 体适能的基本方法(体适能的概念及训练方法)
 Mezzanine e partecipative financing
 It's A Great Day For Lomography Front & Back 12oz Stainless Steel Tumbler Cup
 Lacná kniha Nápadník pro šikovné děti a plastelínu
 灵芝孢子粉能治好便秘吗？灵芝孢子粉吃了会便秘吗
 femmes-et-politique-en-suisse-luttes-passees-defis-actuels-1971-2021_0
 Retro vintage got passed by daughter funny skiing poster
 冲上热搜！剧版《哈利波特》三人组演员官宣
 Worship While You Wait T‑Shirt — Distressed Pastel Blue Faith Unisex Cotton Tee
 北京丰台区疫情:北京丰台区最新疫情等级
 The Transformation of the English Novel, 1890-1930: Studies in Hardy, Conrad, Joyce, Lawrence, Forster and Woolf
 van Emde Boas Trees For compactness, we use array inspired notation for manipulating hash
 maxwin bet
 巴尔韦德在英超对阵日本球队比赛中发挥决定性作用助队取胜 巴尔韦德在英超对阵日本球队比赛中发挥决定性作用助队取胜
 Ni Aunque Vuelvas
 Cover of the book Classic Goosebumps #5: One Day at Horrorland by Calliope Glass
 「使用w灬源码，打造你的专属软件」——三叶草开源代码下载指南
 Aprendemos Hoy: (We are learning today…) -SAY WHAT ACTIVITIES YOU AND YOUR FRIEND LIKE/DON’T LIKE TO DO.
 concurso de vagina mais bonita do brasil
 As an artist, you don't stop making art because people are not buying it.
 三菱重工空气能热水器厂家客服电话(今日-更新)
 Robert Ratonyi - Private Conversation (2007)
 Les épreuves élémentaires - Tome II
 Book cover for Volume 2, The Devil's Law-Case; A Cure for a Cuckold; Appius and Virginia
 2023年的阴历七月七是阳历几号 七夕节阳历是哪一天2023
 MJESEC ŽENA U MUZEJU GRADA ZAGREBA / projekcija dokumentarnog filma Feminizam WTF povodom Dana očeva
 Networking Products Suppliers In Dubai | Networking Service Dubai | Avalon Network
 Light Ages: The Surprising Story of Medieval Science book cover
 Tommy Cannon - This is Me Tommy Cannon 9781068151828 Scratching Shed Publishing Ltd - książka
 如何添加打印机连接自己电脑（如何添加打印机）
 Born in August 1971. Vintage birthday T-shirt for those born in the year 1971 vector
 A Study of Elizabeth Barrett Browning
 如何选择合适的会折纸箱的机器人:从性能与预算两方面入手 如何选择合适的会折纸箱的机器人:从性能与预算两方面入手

- - -

* [Problem description]
Nothing but the lines from the one containing "Cover of the" to the end of the records above should appear, each copied exactly.

* [Your solution]
 Cover of the book Classic Goosebumps #5: One Day at Horrorland by Calliope Glass
 「使用w灬源码，打造你的专属软件」——三叶草开源代码下载指南
 Aprendemos Hoy: (We are learning today…) -SAY WHAT ACTIVITIES YOU AND YOUR FRIEND LIKE/DON’T LIKE TO DO.
 concurso de vagina mais bonita do brasil
 As an artist, you don't stop making art because people are not buying it.
 三菱重工空气能热水器厂家客服电话(今日-更新)
 Robert Ratonyi - Private Conversation (2007)
 Les épreuves élémentaires - Tome II
 Book cover for Volume 2, The Devil's Law-Case; A Cure for a Cuckold; Appius and Virginia
 2023年的阴历七月七是阳历几号 七夕节阳历是哪一天2023
 MJESEC ŽENA U MUZEJU GRADA ZAGREBA / projekcija dokumentarnog filma Feminizam WTF povodom Dana očeva
 Networking Products Suppliers In Dubai | Networking Service Dubai | Avalon Network
 Light Ages: The Surprising Story of Medieval Science book cover
 Tommy Cannon - This is Me Tommy Cannon 9781068151828 Scratching Shed Publishing Ltd - książka
 如何添加打印机连接自己电脑（如何添加打印机）
 Born in August 1971. Vintage birthday T-shirt for those born in the year 1971 vector
 A Study of Elizabeth Barrett Browning
 如何选择合适的会折纸箱的机器人:从性能与预算两方面入手 如何选择合适的会折纸箱的机器人:从性能与预算两方面入手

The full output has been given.